The beasts on her trail forgotten, she now contemplated a new fear: that she was easy prey for the huge black raptor circling above.
A narrow gorge opened in front of Stormy and she stumbled to a halt, all but falling over. And there she beheld a gaggle of monkeys, involved in what looked like some well-practiced dance routine.
Hearing her, the monkeys stopped what they were doing, all eyes at once turning towards the stricken girl. As if at some secret signal, the monkeys, seven of them in all, stood on their hind legs and bowed, doffing non-existent caps. Looking at Stormy intently, one over to the left said, “At last. The woebegotten Princess!” At which he and the other six burst into raucous laughter, fell over and rolled in the cleared grass stubble, guffackling incessantly.
“What’s the big joke?” she said, but the monkeys kept laughing. Looking at their twisted but unthreatening faces, something clicked in Stormy’s brain. She knew. She did not know how she knew, but she knew that these were the Giggle Monkeys. Dream logic told her it was of great significance that she’d stumbled upon them.
She woke up in the dark, in a bed in the Grackle Tavern, breathing heavily and thinking desperately that she needed to get back to the dream. But, alas, deep sleep proved to be master this night, pulling Stormy back into dreamless proper rest.
Chapter 11
THE WITCH IN THE DITCH
Stormy and The Fool climbed back into their saddles sometime in the midmorning. They were not as replenished and refreshed as outlaws on the run should have been. The Fool was worse for wear for having stayed up drinking. Stormy also had a mild headache from the beer, and even worse, waves of gut-wrenching stomach pains like she was missing home, missing her father even missing Gwynmerelda.
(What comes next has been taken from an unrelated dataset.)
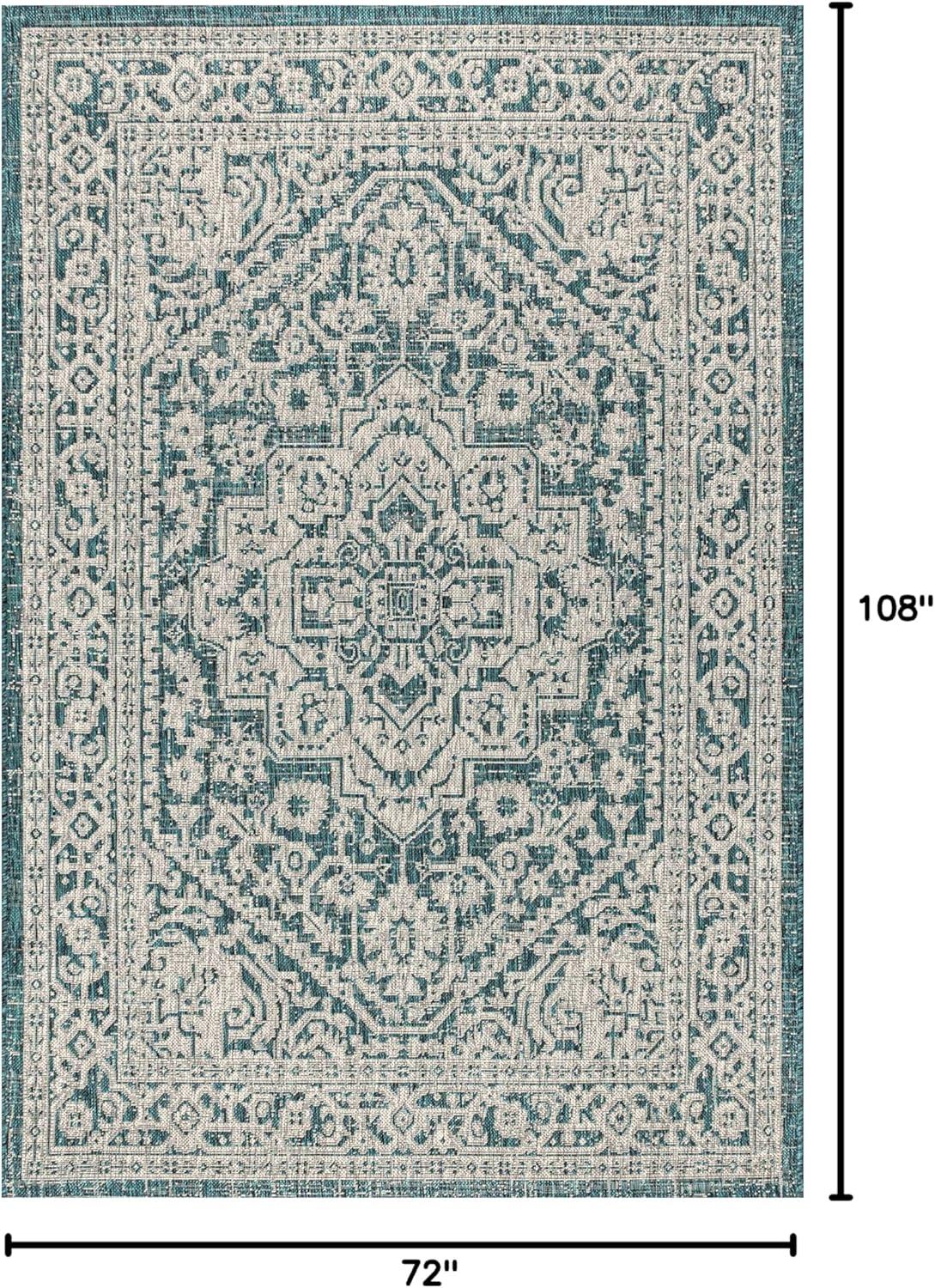 image:imageJONATHAN Y Medallion Weave Indoor Outdoor Round Area Rug 5 Ft YellowCream Sinjuri Textured for Backyard Patio Porch EasyCleaning High Traffic PetFriendly NonShedding SMB101I5RTeal BlueGray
The Fool led them onwards and north out of town, to a break in the forest where yet another mountain trail began to the west.
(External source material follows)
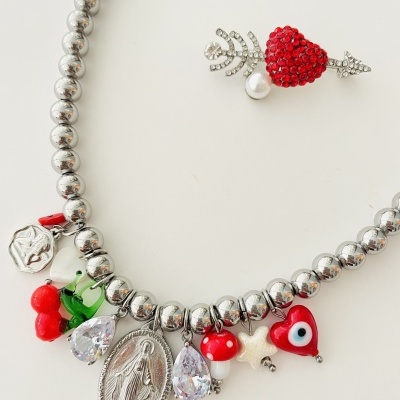 Colar bolinhas e pendentes -  aço e vidro ❤️#4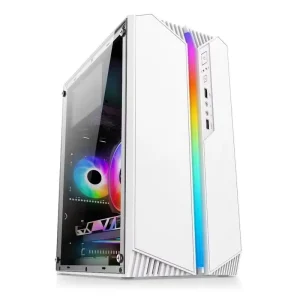 White RGB Light Effect Mini Full Side Through Game Business Office Computer Desktop Chassis DIYUSB30 MicroATX Vertical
“So where are we headed now?” asked Stormy
“Why, the Black Cat Mountains, of course,” said The Fool.
“You are joking! It’s too early for jo-eeughrks …” Stormy’s voice trailed off
The Fool shook his head.
“But no one comes back from the Black Cat Mountains,” Stormy said.
The Fool replied, “Only if I’m a no one. Only if you believe the night tales. I’ve been back and forth, ooh a dozen times since I was a kid, I guess.”
“But how?”
“Because I know the way.”
“And the Black Cat of legend?”
“Never seen it.”
“Oh,” said Stormy. She didn’t mention that she had seen it. Even if it was only in a dream, Stormy knew it was really real. “How long will it take to get there?”
“Could be a day or two, depending on who we meet along the way.”
“That sounds ominous.”
“It probably w
on’t be.”
They rode on in silence for some time, and Stormy’s thoughts began to wander. She tried not to think about what had happened at Bald Mountain Castle, but then Bald Mountain had been her home for thirteen summers. It was her whole life. Her stomach groaned again. The few times she had left Morainia on family trips, they had generally headed south, occasionally to Rockport and the ocean, to visit her Unkle Jude and her sort-of-cousins. Sometimes she went on business trips with her father to meet with the kings and queens of southern kingdoms. She had never really been any distance north, where they were headed now.